(RAW DATA)

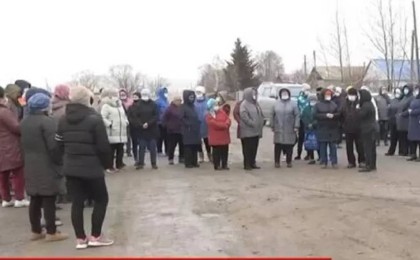 Ақмола облысында он жыл бойы ауызсусыз отырған ауыл тұрғындары митингке шықт
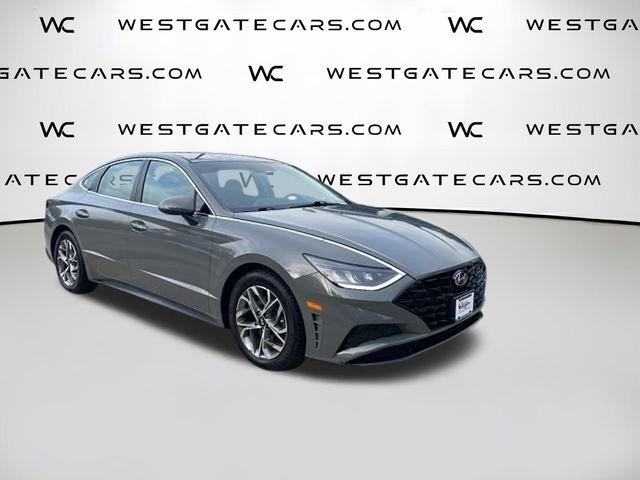 2022 Hyundai Sonata SEL Image 1 of 32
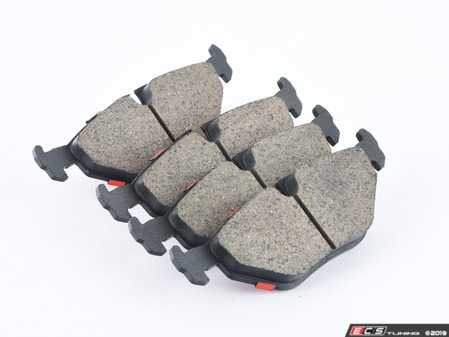 ES#3706813 - 34216761281 - E39 Rear Brake Pad Set - Quality replacement brake pads from an original equipment supplier - Brembo - BMW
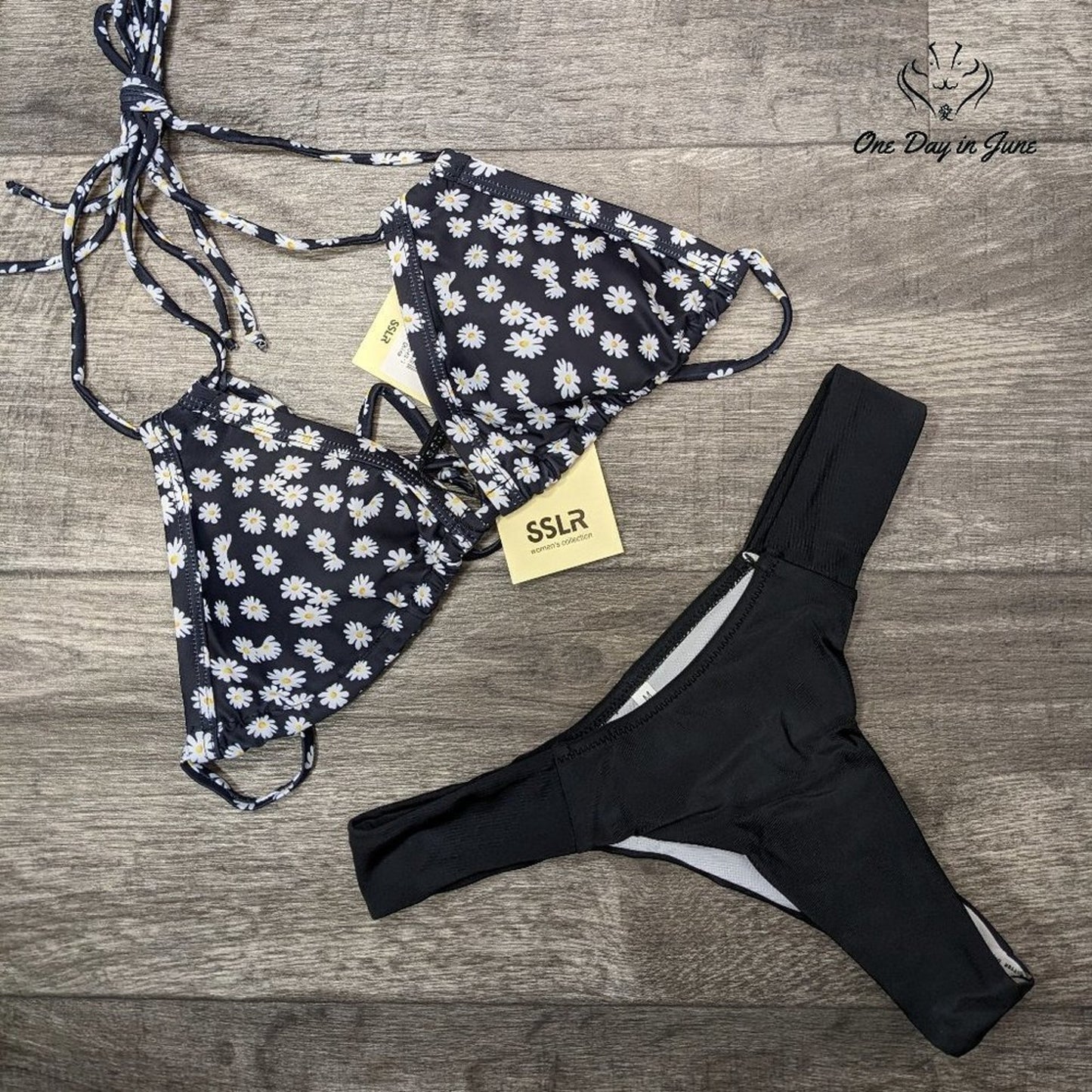 SSLR Daisy Triangle Ruched Bottom Bikini Size M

(End RAW DATA)

EXERCISE INSTRUCTIONS ▸ Output the material word for word. Pictures do not go in.

PROBLEM SOLUTION ▸
 Ақмола облысында он жыл бойы ауызсусыз отырған ауыл тұрғындары митингке шықт
 2022 Hyundai Sonata SEL Image 1 of 32
 ES#3706813 - 34216761281 - E39 Rear Brake Pad Set - Quality replacement brake pads from an original equipment supplier - Brembo - BMW
 SSLR Daisy Triangle Ruched Bottom Bikini Size M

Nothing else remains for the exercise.